Slot Car 5th Birthday

Additionally, Niko’s figured out how to make his slot car go quite quickly by applying steady pressure to the handheld trigger near the limit of the car’s adhesion. He’s pretty decent at finding that sweet spot, but that he hasn’t yet experimented with the art of easing off the gas over the jumps and hammering the gas in the straights is just fine and dandy… because neither has his father. Not having grown up with slot cars, but instead having worked backwards from supercars to DD2 kartsvii to Briggs & Stratton kartsviii and finally to slot cars, we’re approaching this game from very diametrically opposing angles, but I wouldn’t underestimate his youthfully quick reflexes just yet, nor the amount of time he has to practice while daddy’s “working.”ix Also, there seems to be as much to the strategy of knocking the other car off at one of the crossovers as there is in finding the limit of adhesion and staying there. Most races are won and lost as a result of crashes, either two car crashes at the crossovers or single car crashes at the end of the downhill into Turn 1.

In any event, this little game will surely serve us well during the cold winter to come, and in the years to come. Sunrise, sunset… because where else does our energy come from?x

___ ___ ___

  1. So keep it positive man! I mean, it works for Virgil and Bjarke pretty nicely. Why shouldn’t it work for us mere mortals?

    bizarro aaa meeting

  2. The more fully we give our energy, the more it returns to us.

    ~Gautama Buddha

    Birth and death are of the physical world. They are put of the duality that surrounds us — light and dark, heat and cold. But energy can never be created or destroyed; it transforms from one form to another. Energy is in essence, non-dual.

    ~Bhagavad Gita

    Thermodynamics proposes, kinetics disposes

    ~Uncle Al

    etc. 

  3. Remember my intro to daddy blogging article? That was half-a-decade ago!
  4. Niko likes to call himself “medium boy,” in a very Goldilocksian way, because he’s neither “little” nor “big.” This business of seeking the greys is clearly rubbing off! Of course, Ari is still a “baby” because that’s just what your younger brother always is.
  5. LifeHawk Hot Pursuit Slot Car Track, to be precise. Dad bought the boy a couple of “8+” and “9+” LEGO sets because how else is he supposed to win LEGO competitions when he’s 7-years-old, like his old man did? 
  6. That being said, I’m keen to remind the young man that playing games as a family isn’t strictly about rules and ownership, it’s as much about sharing and giving. Families, after all, are socialist. This is how the diagonal works!

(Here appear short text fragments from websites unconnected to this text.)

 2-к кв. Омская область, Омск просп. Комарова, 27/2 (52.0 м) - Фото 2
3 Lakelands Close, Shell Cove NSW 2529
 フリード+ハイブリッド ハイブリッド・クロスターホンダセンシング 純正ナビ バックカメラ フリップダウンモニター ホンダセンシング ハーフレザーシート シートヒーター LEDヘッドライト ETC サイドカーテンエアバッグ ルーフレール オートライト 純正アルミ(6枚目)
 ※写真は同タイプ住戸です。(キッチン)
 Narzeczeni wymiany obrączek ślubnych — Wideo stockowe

    A saying by the brothers Geoff and Vince Graham summarizes the
    ludicrousness of scale-free political universalism.
    I am, at the Fed level, libertarian;
    at the state level, Republican;
    at the local level, Democrat;
    and at the family and friends level, a socialist.

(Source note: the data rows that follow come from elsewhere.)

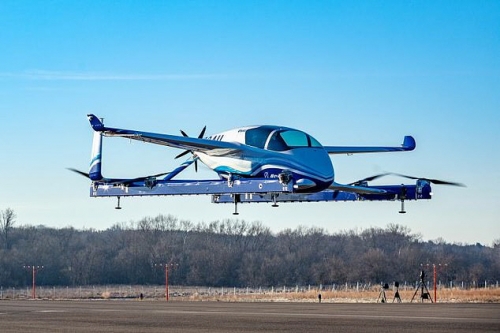 ▲보잉의 자율비행택시 시제품 PAV가 지난 1월 22일(현지시간) 미국 워싱턴D.C. 외곽에서 시험 비행을 하고 있다.(보잉)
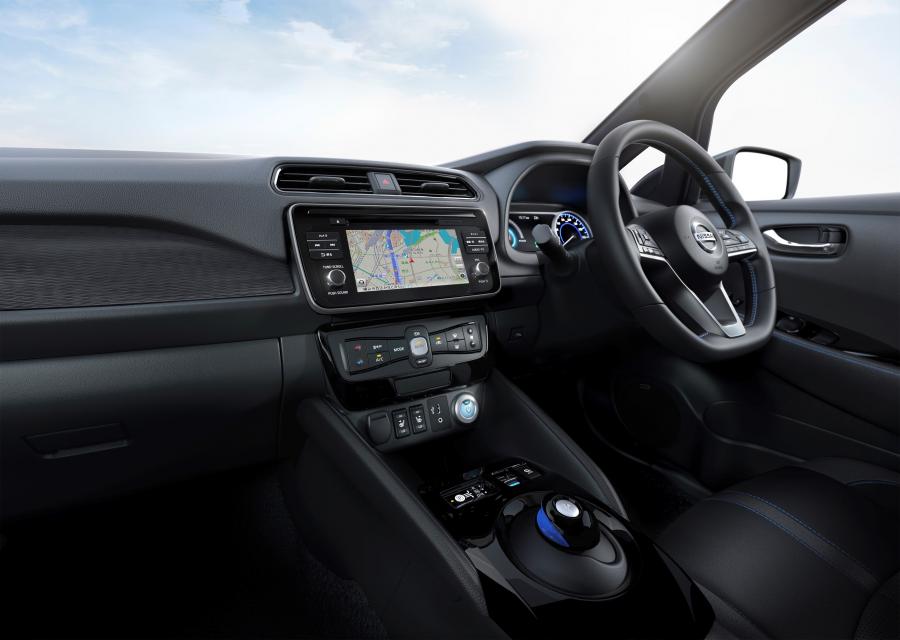 Торпедо Nissan Leaf 2.zero 2017 года  (JP) (фото 41 из 56)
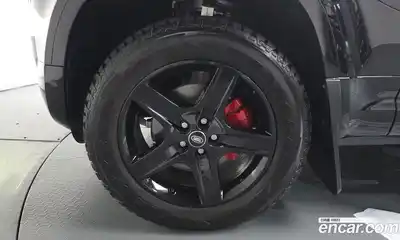 Land Rover Defender 2025 3.0 автомат (гидро), миниатюра 4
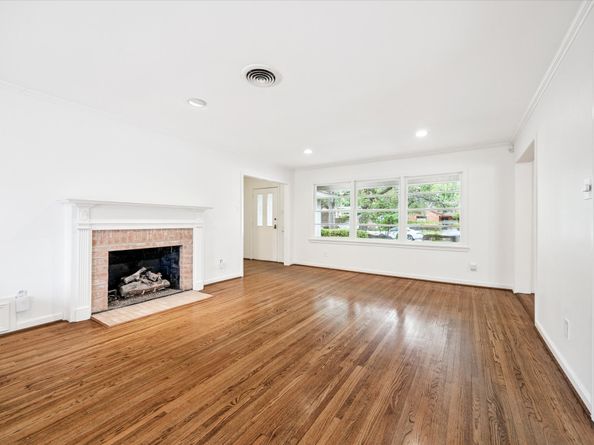 3838 Meadow Lake Lane, Houston TX 77027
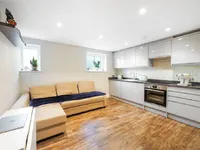 Недвижимость Waterlow Road: 7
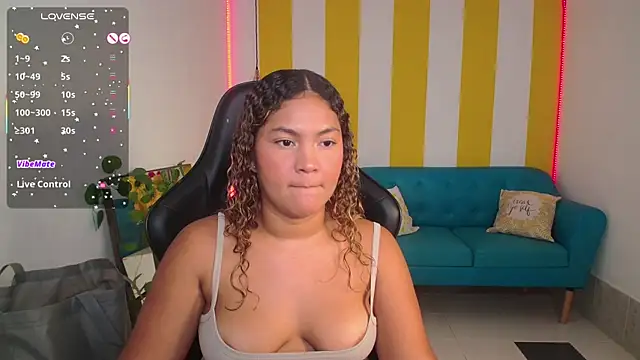 Snapshot of Cristal_War chatting on October 8, 2025, 11:16 pm Cristal War online show from October 8, 2025, 11:16 pm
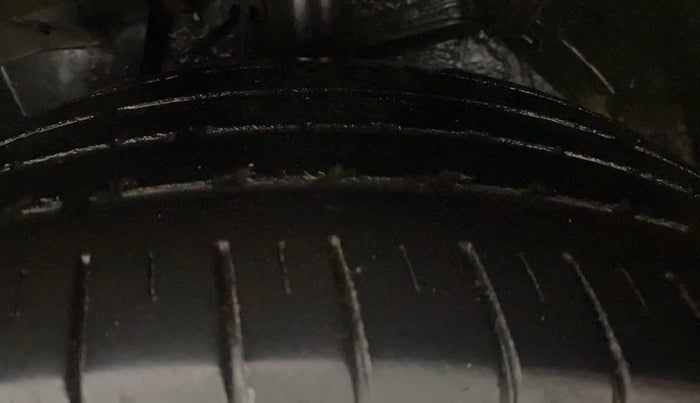 2020 MG HECTOR SMART HYBRID 1.5 PETROL, Petrol, Manual, 66,215 km, Left Front Tyre Tread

    via Skin In The Game by NN Taleb.

  7. As of this month, I’m now the proud owner of my own CRG! After my first full five-session day, my hands hurt for a week. Three g’s in the corners will do that. Shit’s fucking physical!
  8. It turns out that basically the funnest thing in the entire world is NASCAR-style-full-throttle-drafting-battles around the newly extended 4km Strawberry Creek Raceway. There’s a new infield karting track but it’s nowhere near as pleasurable, exhilarating, and competitive as 4-stroke karts on the wide-open straightaways designed for cars. The new elevations changes in the extended sections are an absolute riot in these 5hp rocketships. The freshly-paved blacktop never expected such joy!
  9. “Working” is in quotation marks because I don’t do jobs, you see. So I really don’t want to give any false impressions.

    “We don’t do Jobs”
    In 1989, a bunch of young Aleppo Jews arrived in NY, the last to leave Syria. A friend of mine went to greet them & offer help in securing employment:
    “We don’t do jobs”
    They started selling shoes in Harlem & the Bronx. 30 y later they all have yuuge mansions.

    ~NN Taleb

  10. It’s been said before but it bears repeating: a lifetime just isn’t that long!